DESCRIPTION OF THE TASK =>
Please begin with the line containing "Used 2015 Ford F350 XL video 1" and reproduce each line exactly until the records below end, without any pictures.

RECORDS FOR THIS TASK =>

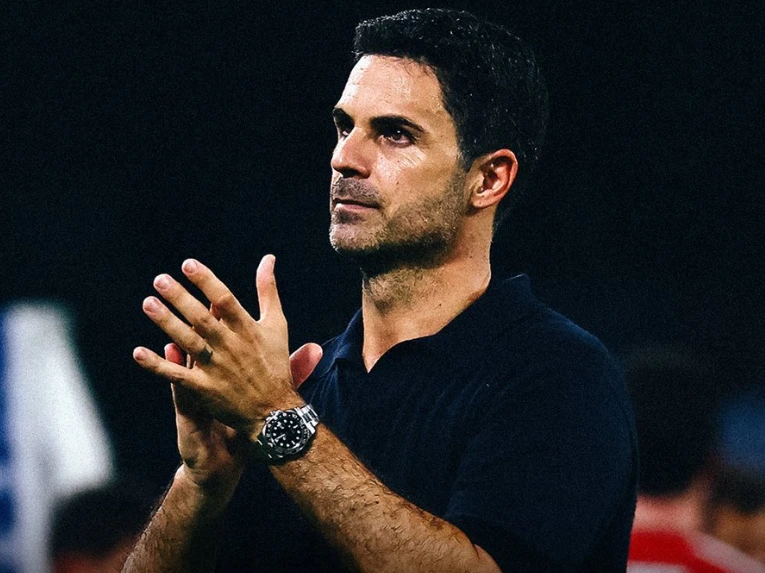 أرتيتا بعد الفوز على نابولي: أوديغارد لاعب خطير جدًا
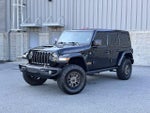 2021 Wrangler Unlimited Thumbnail 3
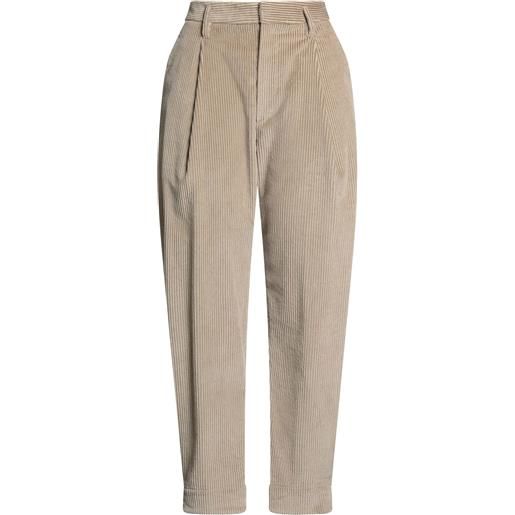 BRUNELLO CUCINELLI - pantalone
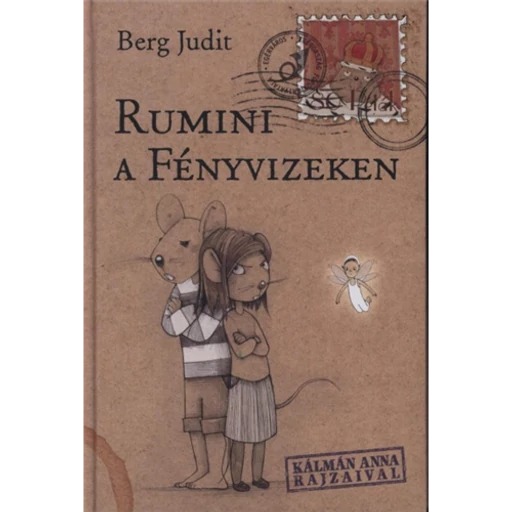 Rumini a fényvizeken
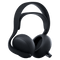 GUNMANSA Sony PlayStation 5 PULSE Elite Wireless Headset Black
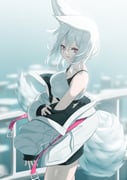 二次元插画 #11433190
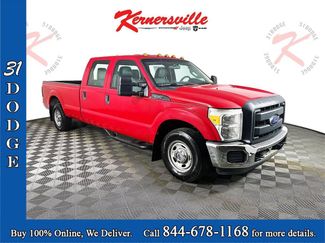 Used 2015 Ford F350 XL video 1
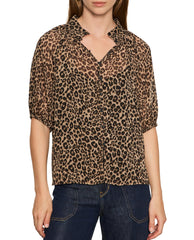Keep Me Close Blouse French Kitty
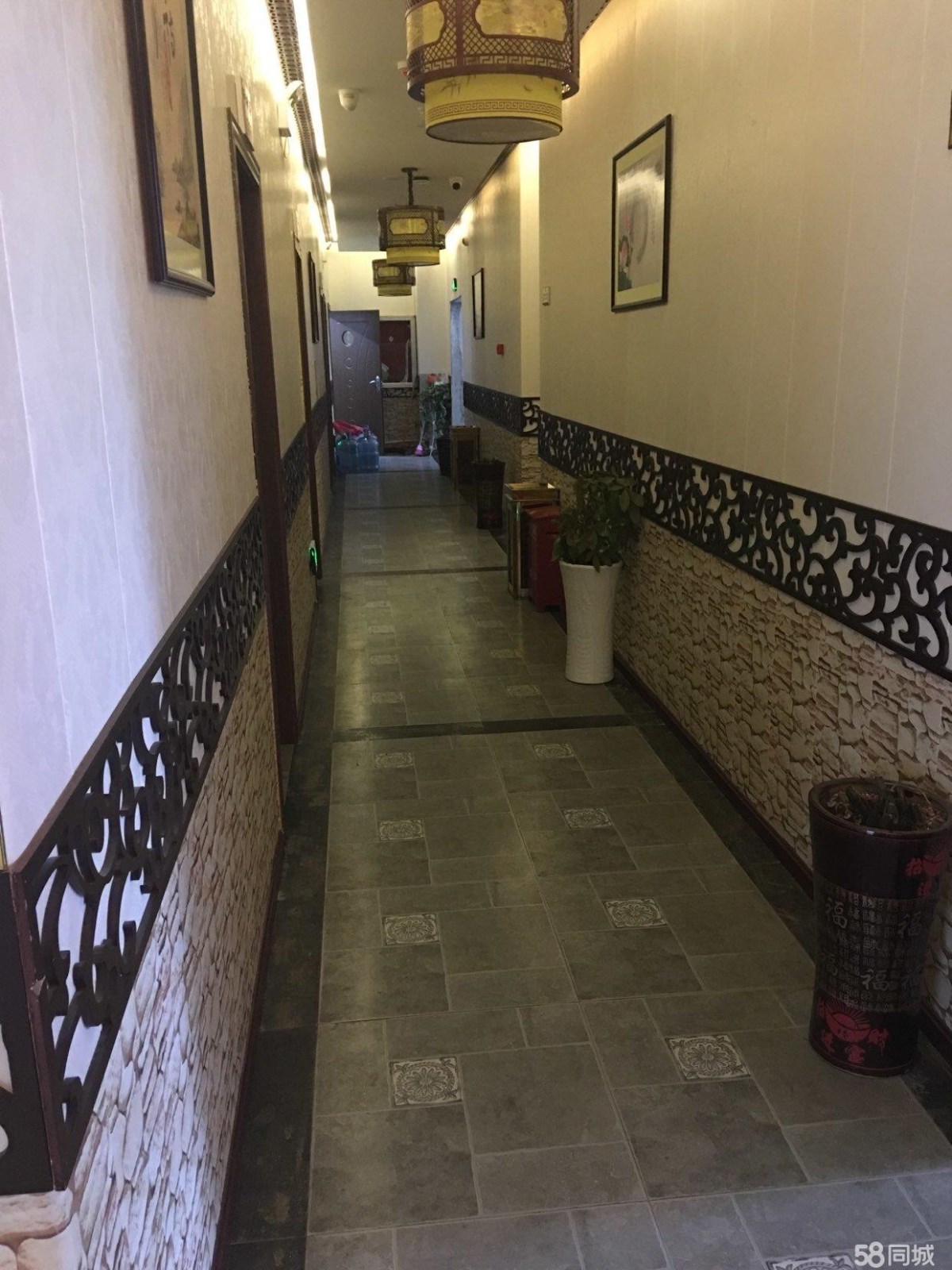 (转让) 足疗养生会所低价急转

WRITTEN REPLY =>
 Used 2015 Ford F350 XL video 1
Keep Me Close Blouse French Kitty
 (转让) 足疗养生会所低价急转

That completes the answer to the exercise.